**WHAT YOU HAVE TO DO**
Once you find the line with "LİLA İSTANBUL Square" in the entries below, return exactly every line from it through the line with "Divine Casa 120".

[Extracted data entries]
────────────────────
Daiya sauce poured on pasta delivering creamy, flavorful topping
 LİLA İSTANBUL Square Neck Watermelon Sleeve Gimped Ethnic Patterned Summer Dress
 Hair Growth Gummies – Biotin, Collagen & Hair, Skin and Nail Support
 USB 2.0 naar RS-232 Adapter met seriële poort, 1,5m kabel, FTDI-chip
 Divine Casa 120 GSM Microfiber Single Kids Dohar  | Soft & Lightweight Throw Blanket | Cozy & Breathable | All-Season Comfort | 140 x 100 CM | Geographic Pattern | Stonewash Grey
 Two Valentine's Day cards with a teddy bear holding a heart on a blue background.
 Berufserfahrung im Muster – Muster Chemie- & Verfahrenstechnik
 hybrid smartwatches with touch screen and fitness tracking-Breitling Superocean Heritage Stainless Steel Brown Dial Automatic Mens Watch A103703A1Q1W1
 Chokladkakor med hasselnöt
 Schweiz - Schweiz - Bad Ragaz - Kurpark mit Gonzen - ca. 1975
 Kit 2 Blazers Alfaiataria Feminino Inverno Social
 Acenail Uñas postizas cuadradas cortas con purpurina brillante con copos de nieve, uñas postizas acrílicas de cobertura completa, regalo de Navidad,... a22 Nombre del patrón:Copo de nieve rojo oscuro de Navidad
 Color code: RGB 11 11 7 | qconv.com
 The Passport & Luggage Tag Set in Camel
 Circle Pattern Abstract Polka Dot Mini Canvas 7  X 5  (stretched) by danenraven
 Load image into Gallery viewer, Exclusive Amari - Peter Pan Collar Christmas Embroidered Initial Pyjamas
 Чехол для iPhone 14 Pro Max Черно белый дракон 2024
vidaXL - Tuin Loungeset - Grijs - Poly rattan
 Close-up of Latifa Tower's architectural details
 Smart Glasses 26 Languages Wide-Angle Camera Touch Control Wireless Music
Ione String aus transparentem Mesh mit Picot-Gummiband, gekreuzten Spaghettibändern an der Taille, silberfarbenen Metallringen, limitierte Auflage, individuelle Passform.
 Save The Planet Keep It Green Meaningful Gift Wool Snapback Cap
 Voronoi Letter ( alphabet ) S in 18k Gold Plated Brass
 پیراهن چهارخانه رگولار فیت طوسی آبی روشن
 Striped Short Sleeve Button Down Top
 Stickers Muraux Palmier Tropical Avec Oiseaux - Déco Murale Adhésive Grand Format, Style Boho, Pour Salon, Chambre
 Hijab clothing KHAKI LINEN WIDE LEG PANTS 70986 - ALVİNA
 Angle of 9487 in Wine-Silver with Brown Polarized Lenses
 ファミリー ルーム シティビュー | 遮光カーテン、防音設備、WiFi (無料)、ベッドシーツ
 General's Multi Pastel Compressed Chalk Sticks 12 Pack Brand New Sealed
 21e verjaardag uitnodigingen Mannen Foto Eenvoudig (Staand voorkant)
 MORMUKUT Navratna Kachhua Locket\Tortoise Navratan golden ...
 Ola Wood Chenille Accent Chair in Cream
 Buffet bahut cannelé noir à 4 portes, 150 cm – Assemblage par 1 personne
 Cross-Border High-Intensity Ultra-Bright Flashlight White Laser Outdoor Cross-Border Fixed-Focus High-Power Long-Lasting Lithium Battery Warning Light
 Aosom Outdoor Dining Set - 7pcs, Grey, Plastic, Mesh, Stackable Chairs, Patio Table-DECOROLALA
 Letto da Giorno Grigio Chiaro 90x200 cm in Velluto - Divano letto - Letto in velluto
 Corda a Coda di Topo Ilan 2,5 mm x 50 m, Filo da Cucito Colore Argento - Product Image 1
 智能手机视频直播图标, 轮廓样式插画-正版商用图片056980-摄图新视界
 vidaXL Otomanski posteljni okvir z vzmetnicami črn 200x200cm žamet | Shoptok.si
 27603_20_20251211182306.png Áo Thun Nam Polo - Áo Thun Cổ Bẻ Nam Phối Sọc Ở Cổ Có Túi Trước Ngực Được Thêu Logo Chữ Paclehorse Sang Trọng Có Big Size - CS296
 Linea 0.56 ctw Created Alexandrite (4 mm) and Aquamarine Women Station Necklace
────────────────────
**WRITTEN REPLY**
 LİLA İSTANBUL Square Neck Watermelon Sleeve Gimped Ethnic Patterned Summer Dress
 Hair Growth Gummies – Biotin, Collagen & Hair, Skin and Nail Support
 USB 2.0 naar RS-232 Adapter met seriële poort, 1,5m kabel, FTDI-chip
 Divine Casa 120 GSM Microfiber Single Kids Dohar  | Soft & Lightweight Throw Blanket | Cozy & Breathable | All-Season Comfort | 140 x 100 CM | Geographic Pattern | Stonewash Grey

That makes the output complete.